Cette procession restait l'inquiétude de Berthaud. Les jours ordinaires, elle déterminait sur son passage une crise folle d'exaltation, qui le forçait à prendre des mesures spéciales. Qu'allait-il arriver, au travers de cette foule entassée de trente mille personnes, fouettée d'une telle fièvre de foi, déjà prête à la divine frénésie?

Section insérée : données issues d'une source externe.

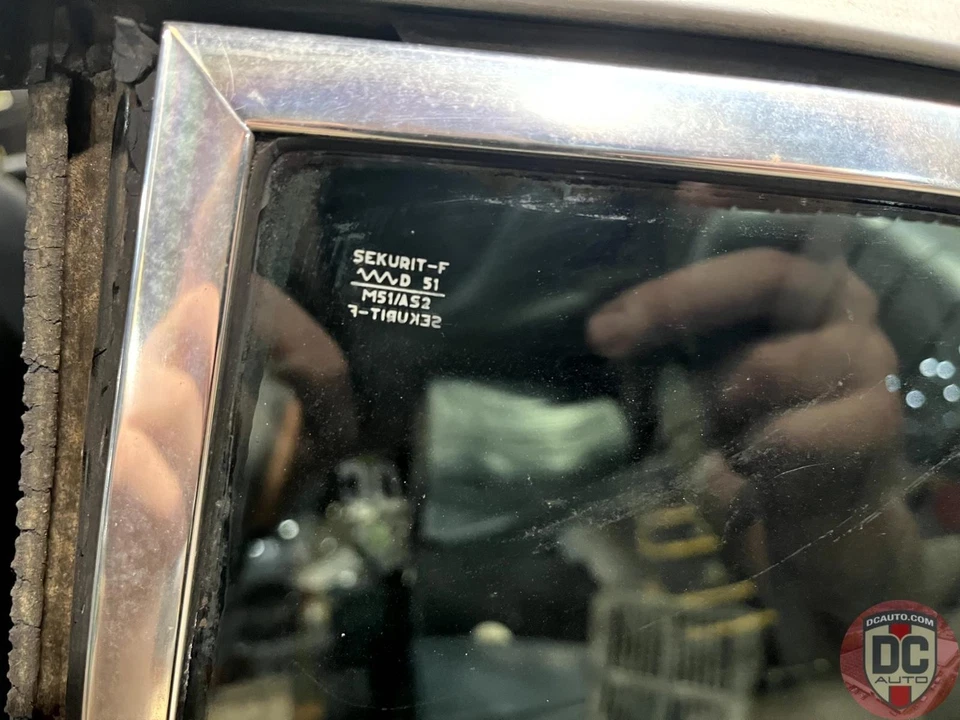 Porsche 911 1968-1973 derecha izquierda tintada apertura ventilación cuarto ventana 136713 Foto 3 de 4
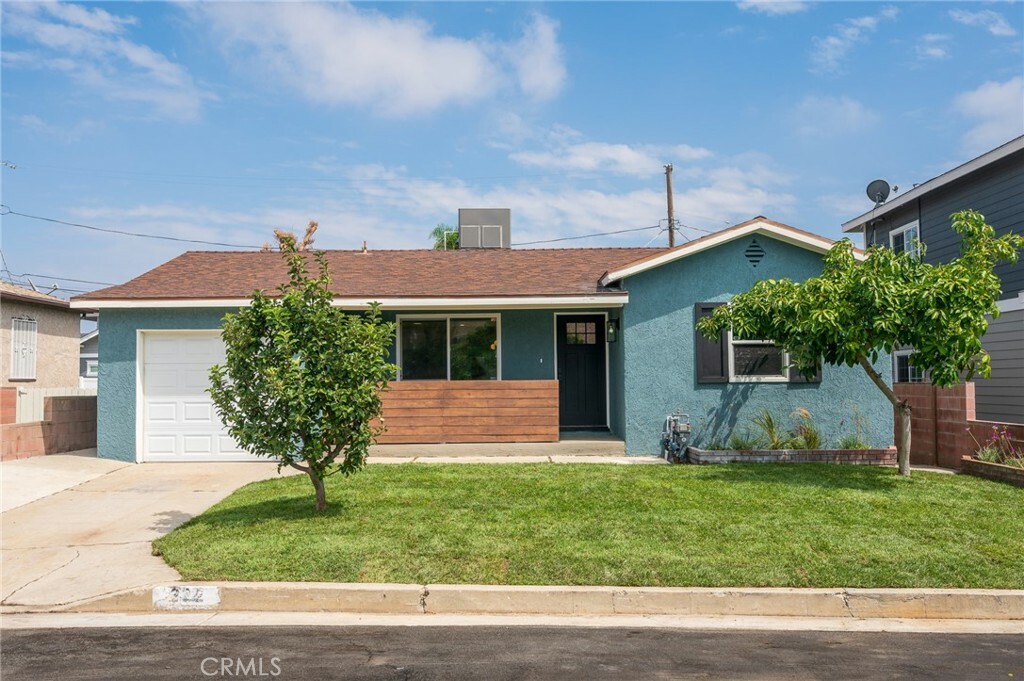 Property Photo:  322 Woodland Drive  CA 90732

Aussi, très raisonnable, profita-t-il de l'occasion pour faire les recommandations les plus sages.
-Ah! monsieur le curé, je vous en prie, dites bien à ces messieurs du clergé de ne pas laisser d'espace entre eux, de marcher sans hâte, les uns dans les autres... Et surtout qu'on tienne les bannières solidement, pour qu'elles ne soient pas chavirées... Quant à vous, monsieur le curé, veillez à ce que les hommes du dais soient vigoureux, et serrez le linge autour du noeud de l'ostensoir, n'ayez pas peur de le porter à deux mains, de toute votre force.
Un peu effrayé par ces recommandations, le prêtre remerciait toujours.

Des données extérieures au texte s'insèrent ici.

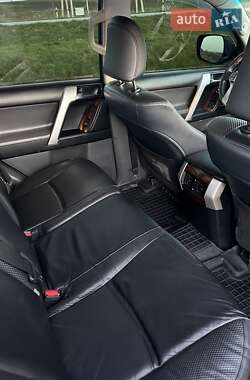 Внедорожник / Кроссовер Toyota Land Cruiser Prado 2010 в 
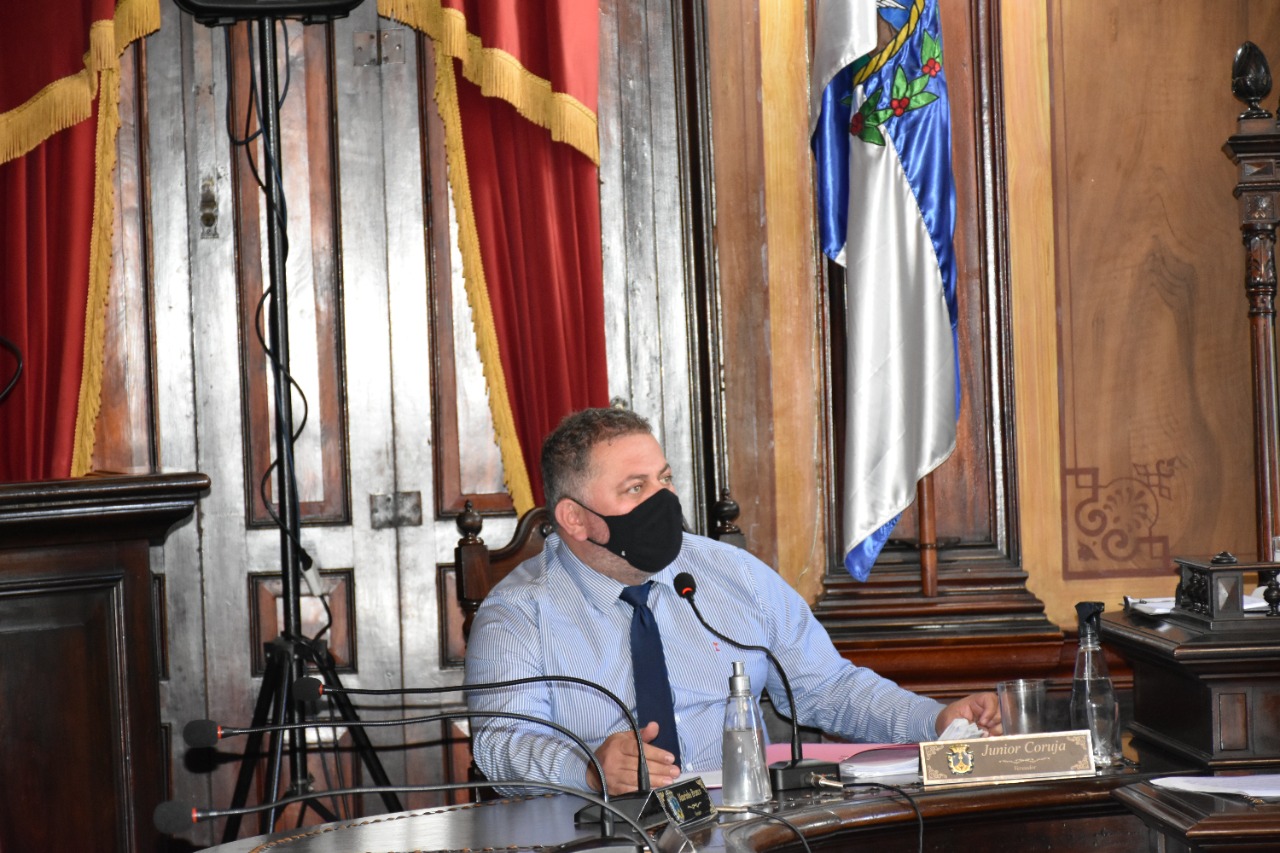 Projeto de lei que obriga divulgação em placas de horários e itinerários de ônibus em terminais, coletivos e pontos finais é aprovado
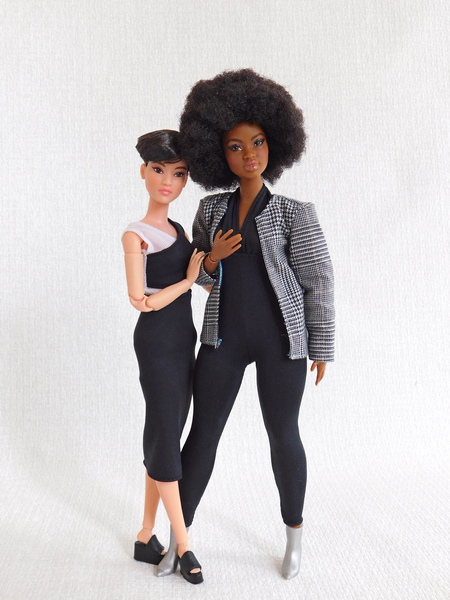 Барби Looks 2021 азиатка petite и африканка curvy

-Sans doute, sans doute, vous êtes bien aimable... Ah! monsieur, que de reconnaissance je vous ai, pour m'avoir aidé à sortir de tout ce monde!
Et, dégagé enfin, il se hâta de gagner la Basilique par l'étroit chemin en lacets qui monte au travers du coteau; tandis que son compagnon se replongeait dans la cohue, pour aller reprendre son poste de surveillance.
Au même moment, Pierre, qui amenait Marie dans son chariot, se heurtait, de l'autre côté, du côté de la place du Rosaire, contre le mur impénétrable de la foule. À trois heures, la servante de l'hôtel l'avait réveillé, pour qu'il allât prendre la jeune fille à l'Hôpital. Rien ne pressait, ils avaient grandement le temps d'arriver à la Grotte, avant la procession. Mais cette foule immense, ce mur résistant qu'il ne savait par où percer, commençait à lui causer quelque inquiétude. Jamais il ne passerait avec la petite voiture qu'il traînait, si les gens n'y mettaient pas un peu de complaisance.